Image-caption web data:
Segment Open

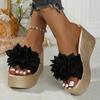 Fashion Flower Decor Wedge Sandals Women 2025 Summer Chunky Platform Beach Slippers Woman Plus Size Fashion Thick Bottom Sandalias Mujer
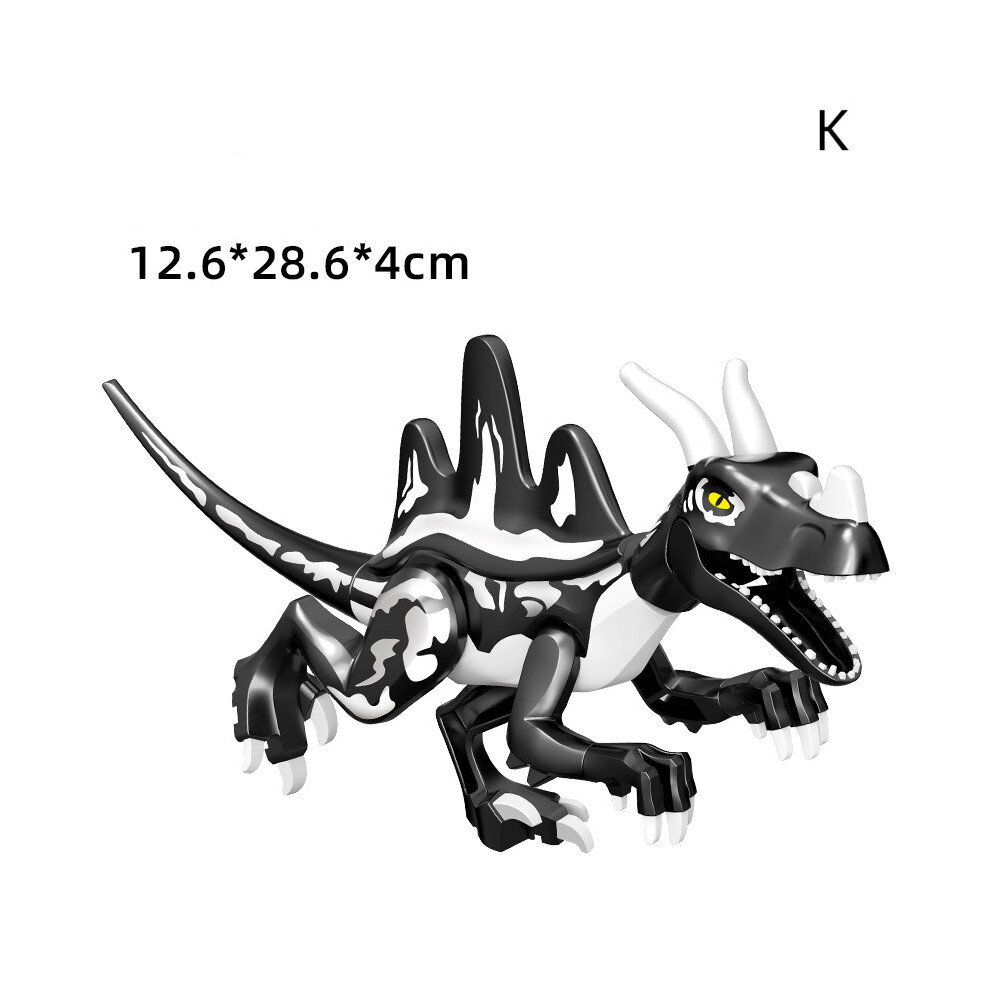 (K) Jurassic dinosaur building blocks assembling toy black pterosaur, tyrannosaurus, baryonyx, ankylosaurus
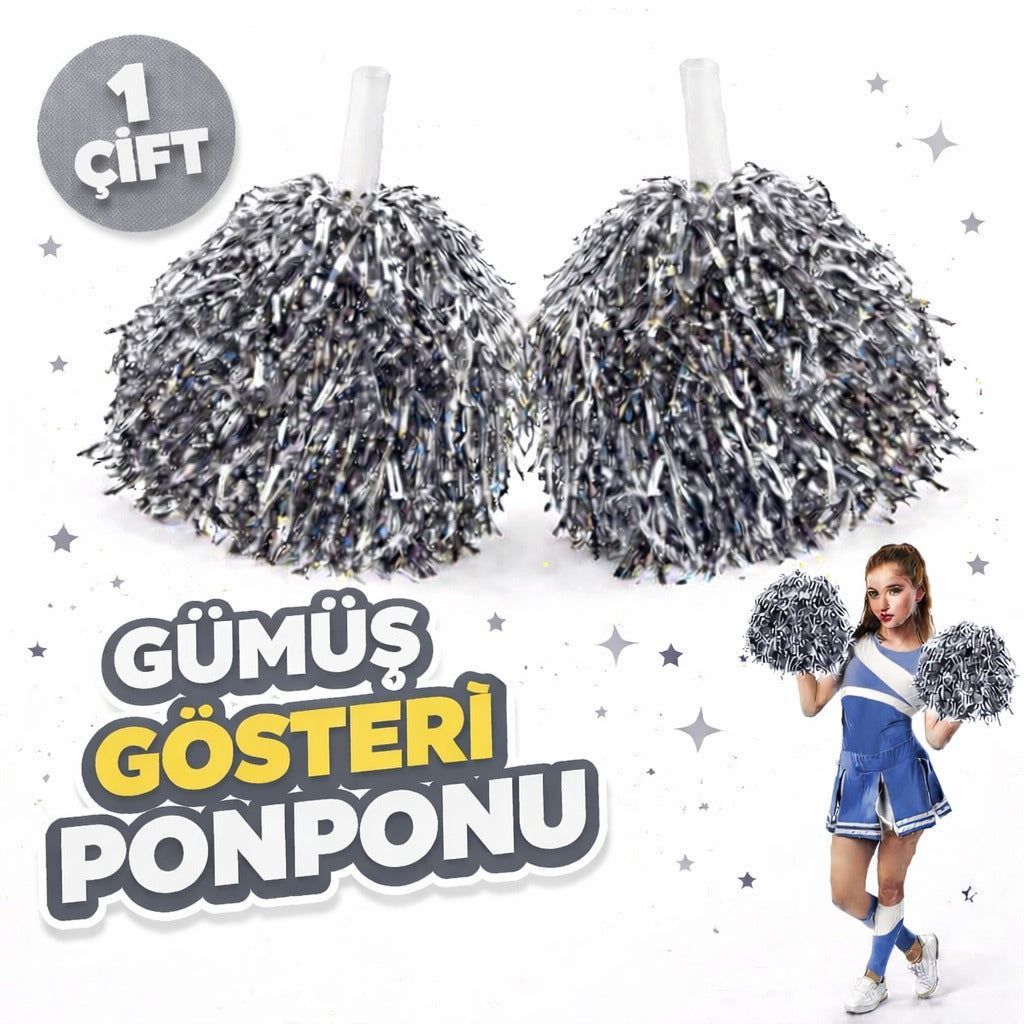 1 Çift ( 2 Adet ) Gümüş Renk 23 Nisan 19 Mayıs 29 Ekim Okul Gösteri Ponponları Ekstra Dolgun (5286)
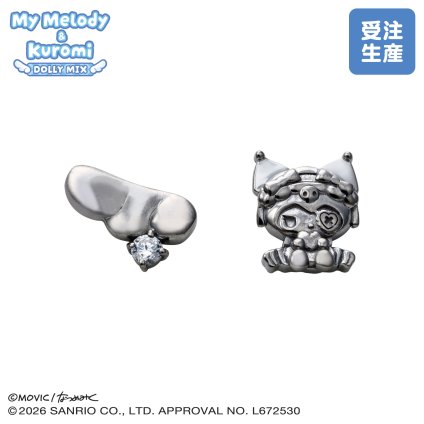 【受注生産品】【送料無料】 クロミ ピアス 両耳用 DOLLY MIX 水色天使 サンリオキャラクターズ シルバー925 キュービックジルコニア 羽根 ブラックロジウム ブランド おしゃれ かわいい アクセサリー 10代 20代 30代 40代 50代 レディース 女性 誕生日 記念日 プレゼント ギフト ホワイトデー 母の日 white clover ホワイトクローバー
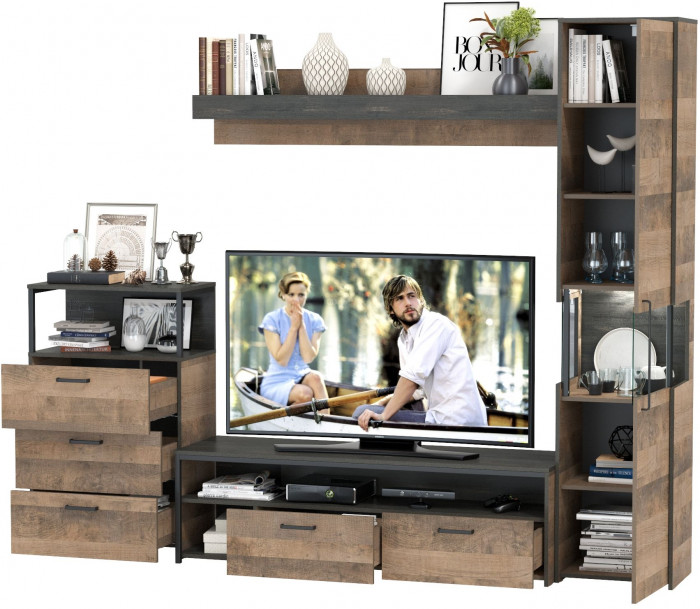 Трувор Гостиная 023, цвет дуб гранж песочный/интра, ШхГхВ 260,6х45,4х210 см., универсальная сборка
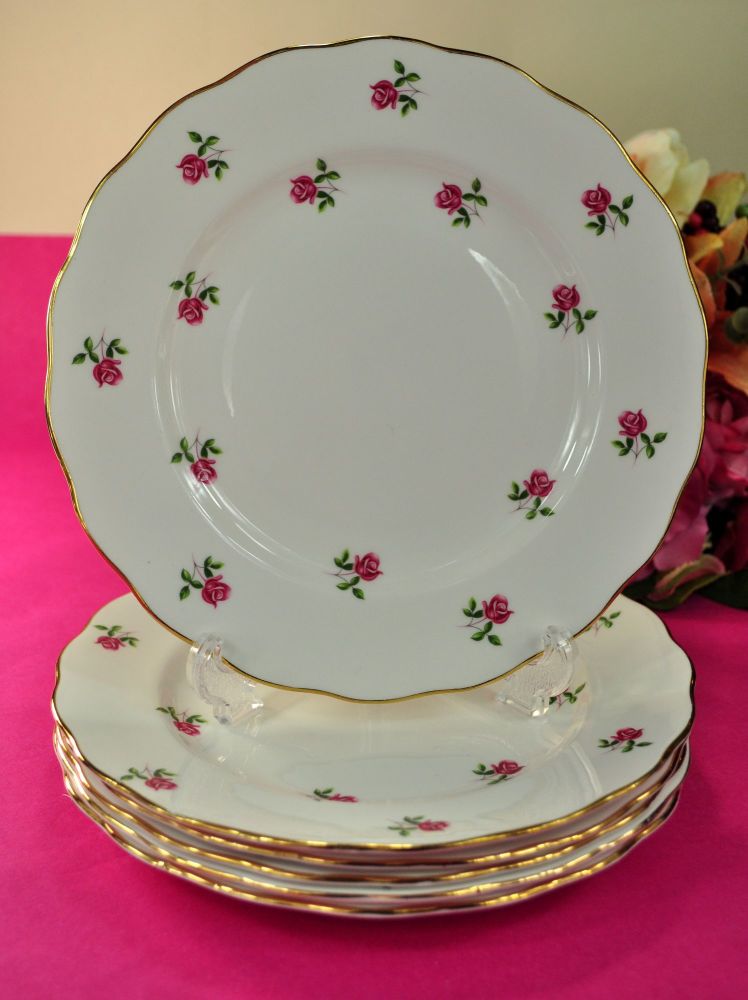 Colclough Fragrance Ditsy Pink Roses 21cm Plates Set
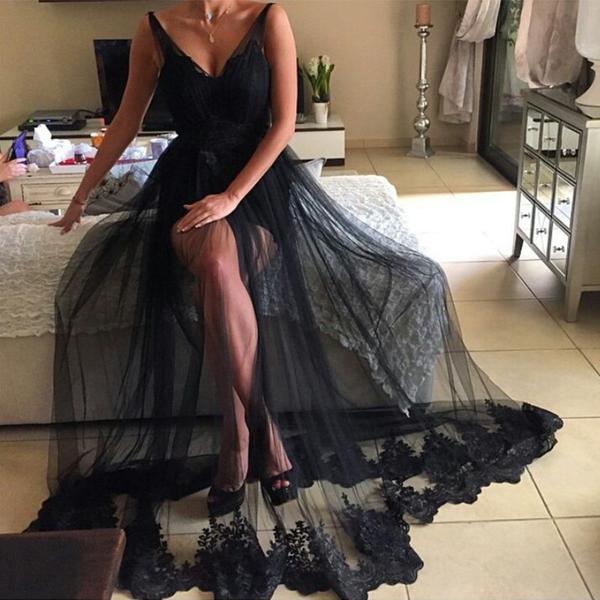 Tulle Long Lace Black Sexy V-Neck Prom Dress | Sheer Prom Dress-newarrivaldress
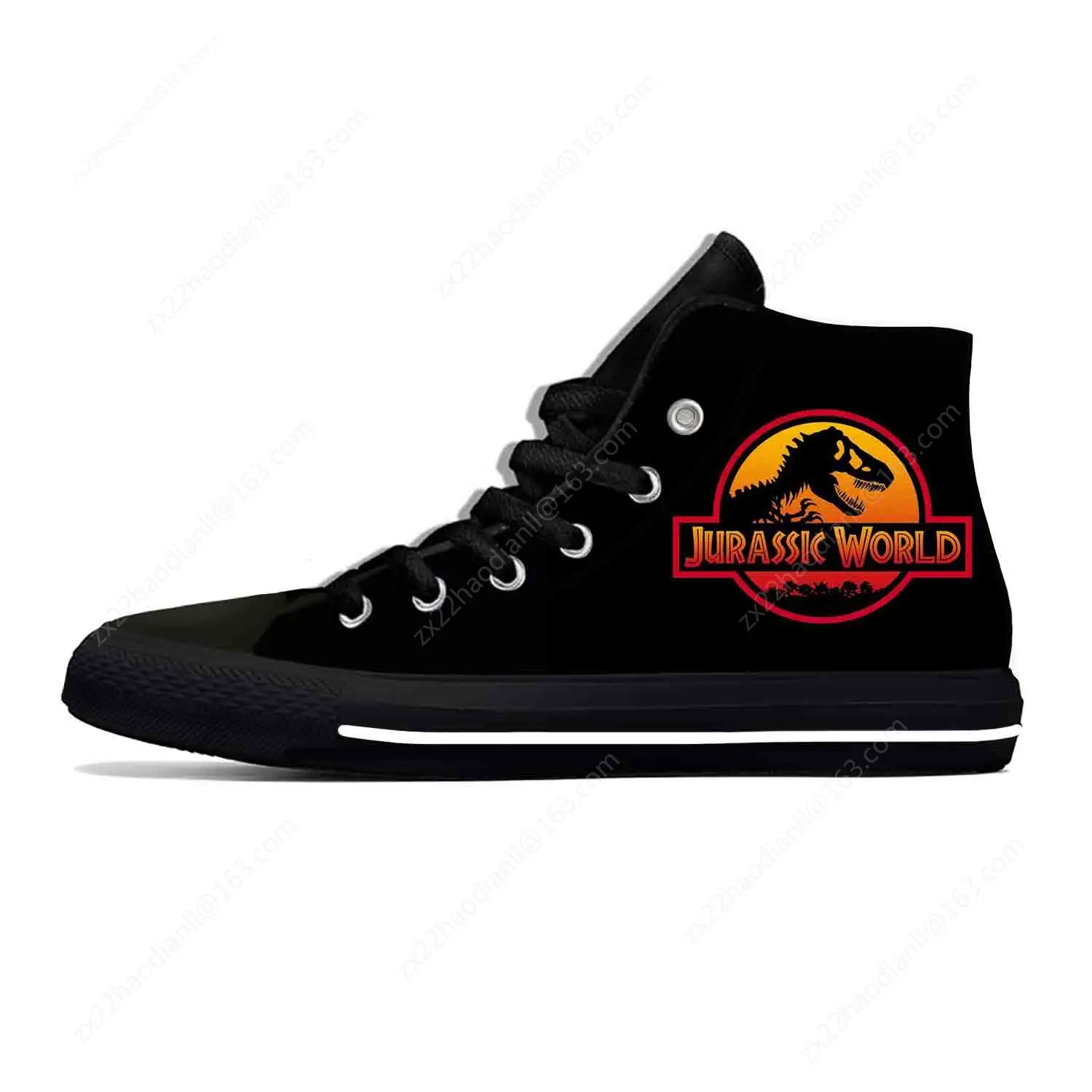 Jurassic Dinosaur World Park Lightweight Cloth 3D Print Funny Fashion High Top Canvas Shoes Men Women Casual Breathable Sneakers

Segment Closed

**PROBLEM TO WORK ON**
The records above need to be given again exactly. Omit the pictures.

**ANSWER TO THIS PROBLEM**
 Fashion Flower Decor Wedge Sandals Women 2025 Summer Chunky Platform Beach Slippers Woman Plus Size Fashion Thick Bottom Sandalias Mujer
 (K) Jurassic dinosaur building blocks assembling toy black pterosaur, tyrannosaurus, baryonyx, ankylosaurus
 1 Çift ( 2 Adet ) Gümüş Renk 23 Nisan 19 Mayıs 29 Ekim Okul Gösteri Ponponları Ekstra Dolgun (5286)
 【受注生産品】【送料無料】 クロミ ピアス 両耳用 DOLLY MIX 水色天使 サンリオキャラクターズ シルバー925 キュービックジルコニア 羽根 ブラックロジウム ブランド おしゃれ かわいい アクセサリー 10代 20代 30代 40代 50代 レディース 女性 誕生日 記念日 プレゼント ギフト ホワイトデー 母の日 white clover ホワイトクローバー
 Трувор Гостиная 023, цвет дуб гранж песочный/интра, ШхГхВ 260,6х45,4х210 см., универсальная сборка
 Colclough Fragrance Ditsy Pink Roses 21cm Plates Set
 Tulle Long Lace Black Sexy V-Neck Prom Dress | Sheer Prom Dress-newarrivaldress
 Jurassic Dinosaur World Park Lightweight Cloth 3D Print Funny Fashion High Top Canvas Shoes Men Women Casual Breathable Sneakers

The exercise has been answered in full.